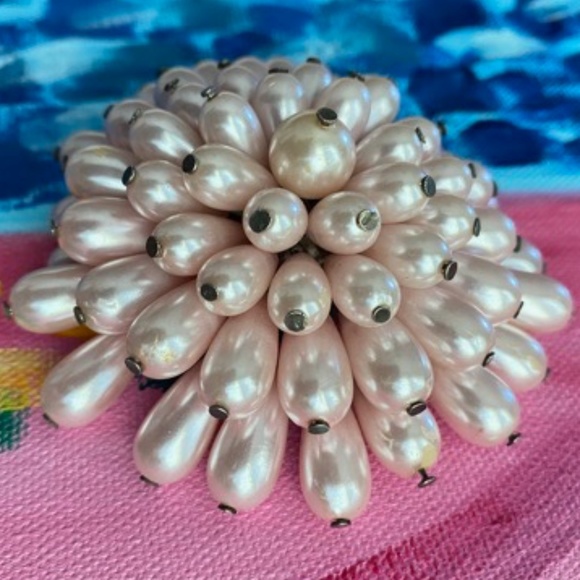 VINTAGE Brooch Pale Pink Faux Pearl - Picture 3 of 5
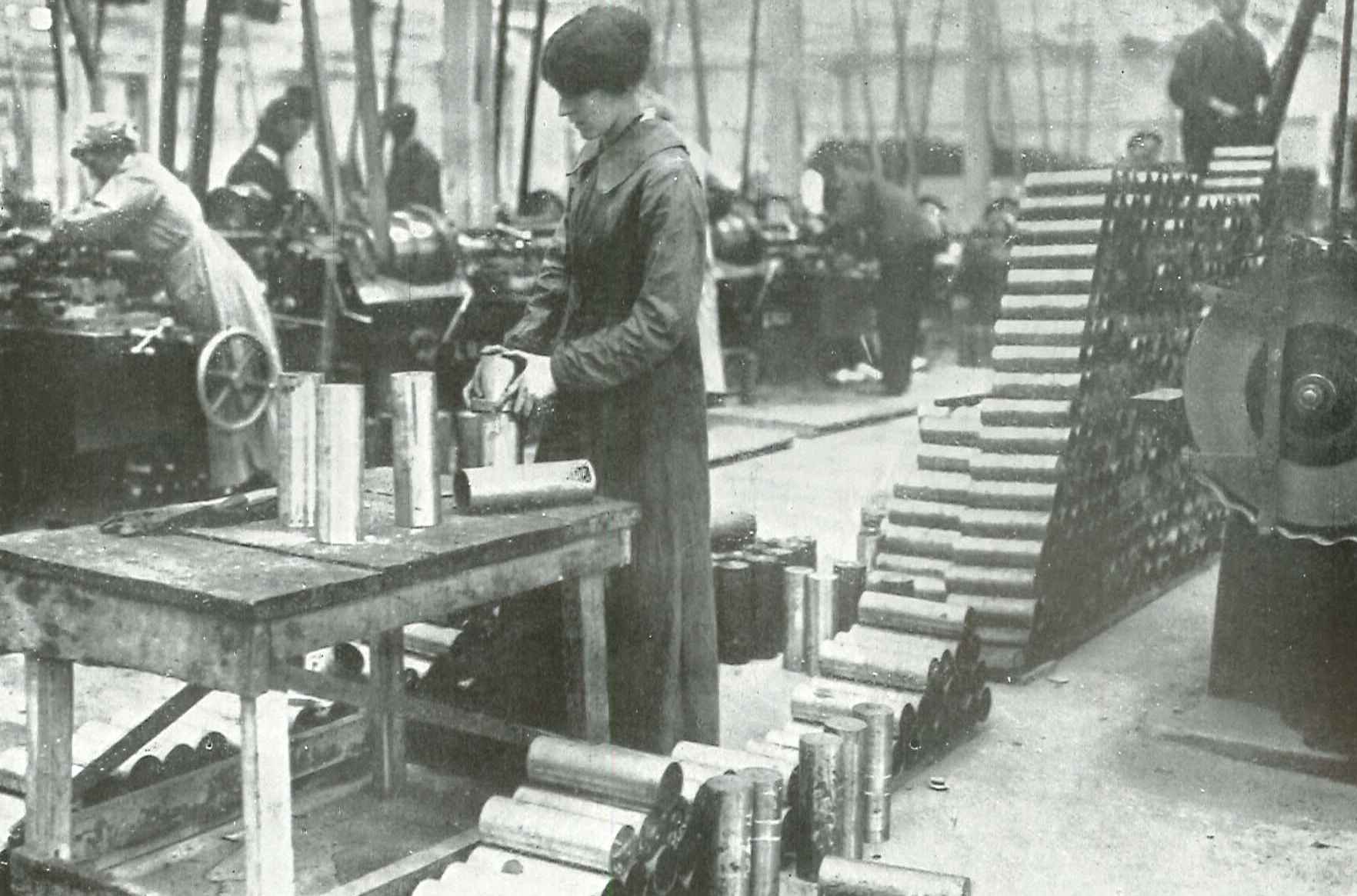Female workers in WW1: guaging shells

...

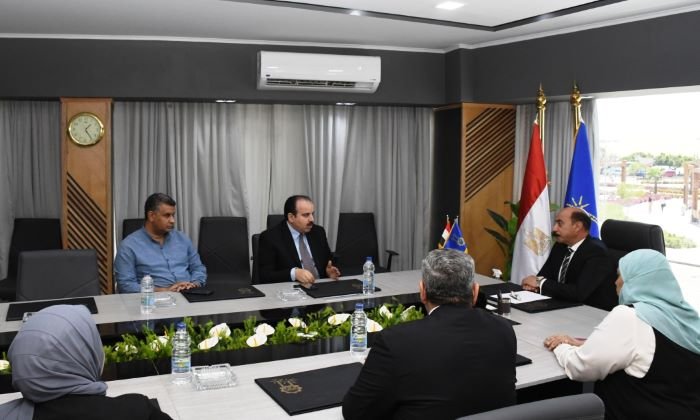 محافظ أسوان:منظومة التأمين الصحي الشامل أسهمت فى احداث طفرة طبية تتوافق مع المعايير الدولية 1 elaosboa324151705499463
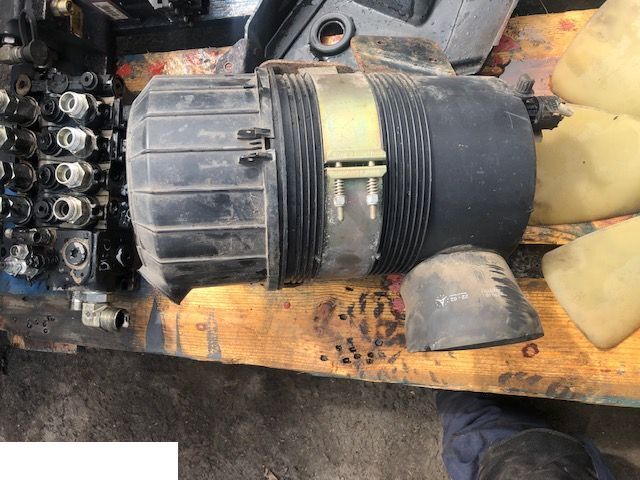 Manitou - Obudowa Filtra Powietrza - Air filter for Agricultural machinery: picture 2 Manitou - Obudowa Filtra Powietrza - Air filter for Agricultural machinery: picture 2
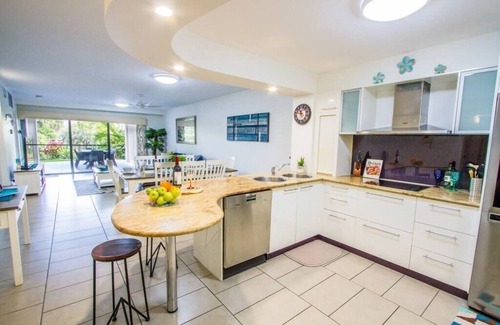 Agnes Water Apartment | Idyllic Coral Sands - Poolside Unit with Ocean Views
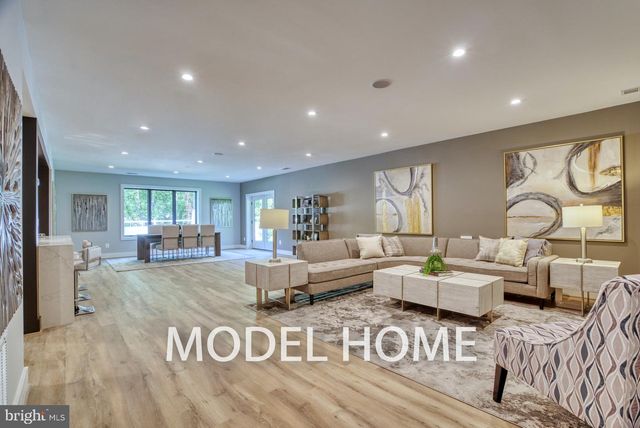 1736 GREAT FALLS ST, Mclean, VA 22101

---

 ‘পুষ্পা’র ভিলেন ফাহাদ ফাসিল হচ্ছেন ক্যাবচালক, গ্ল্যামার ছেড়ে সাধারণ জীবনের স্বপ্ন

* _Description of the task_
Without the pictures, give again exactly the lines above starting at the line containing "Agnes Water Apartment" and ending at the line containing "1736 GREAT FALLS ST, Mclean, VA 22101".

* _Response to the exercise_
 Agnes Water Apartment | Idyllic Coral Sands - Poolside Unit with Ocean Views
 1736 GREAT FALLS ST, Mclean, VA 22101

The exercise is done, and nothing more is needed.